Он ухмыльнулся и провел рукой по своим густым, как щетка, волосам, еще волнистым и влажным после душа.
– Да уж… Только правильнее было бы сказать, что у меня не хвост, а волосы стоят дыбом, – попытался сострить Дилан. – Ну не чудная ли погодка стоит? Так и хочется написать стихи об Уэльсе.
– По правде сказать, едва ли такую погоду можно назвать похожей на валлийскую, но для нас и такая сойдет. Куда собрался?
– В магазин «Голдуотер—Кастенада», сделать кое-какие закупки к Рождеству. У тебя нет для меня поручений?

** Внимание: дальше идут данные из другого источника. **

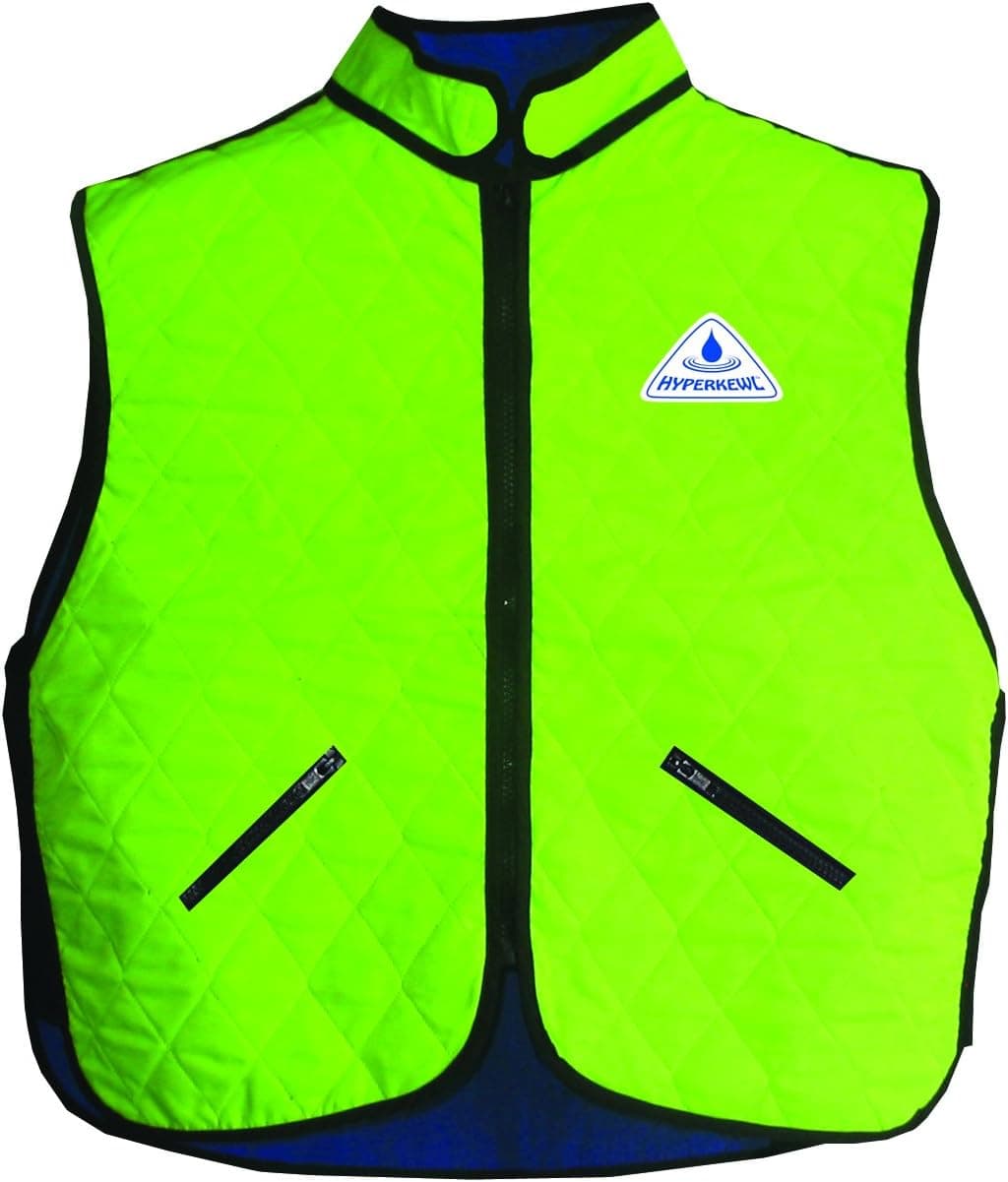 HyperKewl 6530-HV-XXXL Evaporative Cooling Vest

Мать ответила по-валлийски, чтобы Ольга не поняла, о чем речь.
– Джо сказал, что ждет партию меховых и шерстяных вещей из Шотландии. Он обещал отложить для меня шаль – в подарок Ольге. Справься, получил ли он, что хотел.
– Непременно, – пообещал Дилан. Он надел свой стетсон и направился к двери.
– Не забудь про свитер! – крикнула Гвен вдогонку. – Сегодня свежо!
– Шерстяная рубашка греет ничуть не хуже, – отозвался Дилан, переступая порог.
Гвен выглянула из окна, одолеваемая какими-то странными, ей самой не вполне понятными чувствами, горькими и сладостными одновременно. Она еще долго смотрела, как сын идет через двор, – он шел, заложив руки в карманы своих грубых хлопковых штанов, и ветер безжалостно трепал его волосы. Гвен никому бы не призналась, что Дилан – ее любимец, но от себя она этого скрыть не могла. Она любила его больше всех остальных детей, потому что он был самым уязвимым, не отличался силой характера и целеустремленностью, как остальные, хотя, по словам Дрю, и Эмлин с Джилбертом в последнее время начали проявлять признаки слабости.